Can I stop drinking on my own?

A lot of people who identify that they have an alcohol addiction, do stop drinking on their own but if you are drinking every day for several weeks and this has been continuing for a few months then you’re a heavy drinker, it is best to stop drinking with the help of your doctor, the reason being is that the moment you stop drinking the physical withdrawal symptoms will be very severe.

Coming back to pancreatitis these are the two main causes of this disease gallstone disease and alcohol addiction.

Some alcoholics may have also experienced pancreatitis after a severe binge of alcohol that is if a moderately heavy drinker has too many drinks about 1 to 2 days later will have severe belly pain at the top of his belly and this goes like a band around the body to the back that is it radiates to the back and is often associated with nausea and vomiting.


Your doctor, after you come to him with the symptoms of belly pain and nausea or vomiting, will consider the possibility that you might have pancreatitis and will prescribe certain enzyme blood tests to check if your blood levels of these enzymes are more than three times normal then the diagnosis of pancreatitis is made.

In some cases, your doctor may also ask for a CT scan in which the pancreas is seen and the diagnosis is made.
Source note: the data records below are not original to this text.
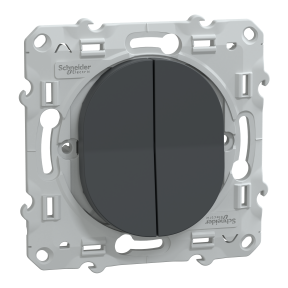Ovalis - combiné va et vient+poussoir - 10AX - Anthracite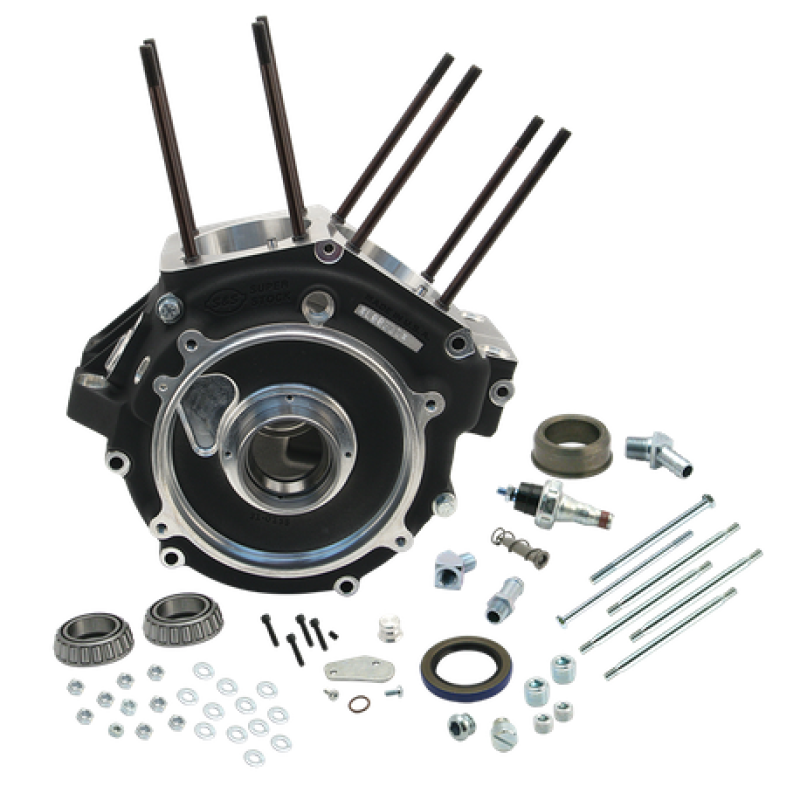 S&S 31-0052 Cycle 84-91 BT w/ Stock Bore Super Stock Alternator Style Crankcase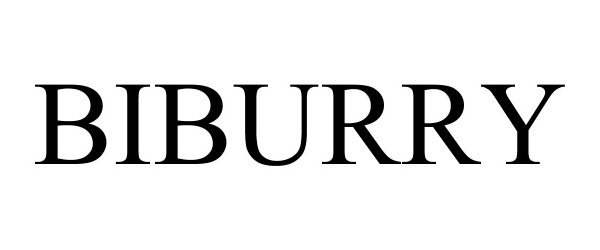 Trademark Logo BIBURRY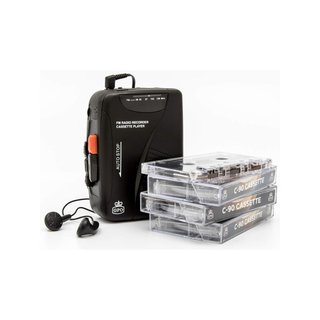 GPO reproductor grabador casete retro negro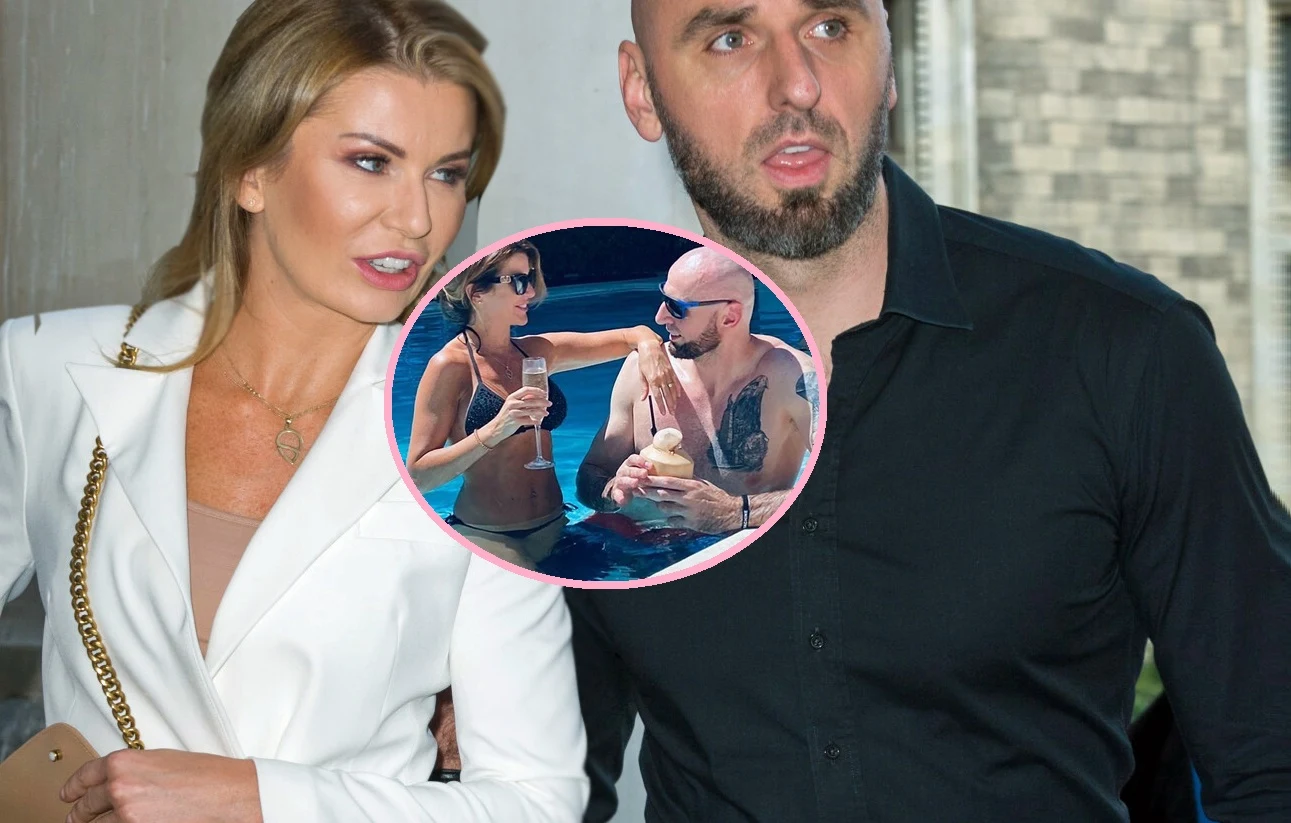 Marcin Gortat z żoną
How is pancreatitis treated?

Pancreatitis is usually treated in the hospital, even in cases of mild pancreatitis it usually is advisable to get hospitalized and when you are in the hospital your doctor will start on IV Fluids (saline) also start you on IV pain killers. If you are able to eat food that’s great but if you are not able to tolerate food that is if you start vomiting then to feed you a tube may be passed into your stomach and this tube is usually passed through the nose to provide additional nutrition.

In mild cases of pancreatitis when the patient becomes relatively better in 2 to 3 days, he might be discharged home after three days and then called for follow-up.

In severe cases of pancreatitis, however, and when I say severe I mean the patient has developed complications of pancreatitis that is has developed local complications by that I mean infection or fluid accumulation around the pancreas or a part of the pancreas has become rotten or necrotic or has developed general complications of pancreatitis in which there is generalized infection throughout the body and organ failure.

These severe cases of pancreatitis need to be managed by a team of doctors usually in an ICU setup or at least in a bigger hospital, the reason being in severe cases of pancreatitis, your whole body is affected, your kidneys start shutting down, so toxins are not expelled from your body is there might be fluid accumulation inside your lungs causing difficulty in breathing and all of this needs extensive supportive management in the form of maybe ventilatory support that is you may need a ventilator or may need dialysis.

So you need to be in a hospital that has an equipped ICU to manage these very sick patients and a lot of the time even in spite of best efforts these patients with severe pancreatitis sometimes do not survive and die from the illness. The second most important part of the treatment of pancreatitis is the treatment of the cause of the disease. If a stone is stuck in the common tube between the pancreas and the gallbladder the stone many need to be removed this procedure is called endoscopic retrograde cholangiography also the gallbladder may need to be removed because recurrent stones will keep getting passed from the gallbladder into this common tube and if you don’t remove the gallbladder you will, again and again, keep getting recurrent episodes of pancreatitis. A lot of the time your surgeon or your doctor will do this gallbladder surgery in the same admission as pancreatitis or some doctor will prefer to discharge you and call you for the surgery 6 weeks later.

The second cause of pancreatitis which is alcoholic pancreatitis requires the patient to stop alcohol completely and totally so this is usually done with the help of a qualified psychologist and psychiatrist who may prescribe some medicines and counsel you to join a support group.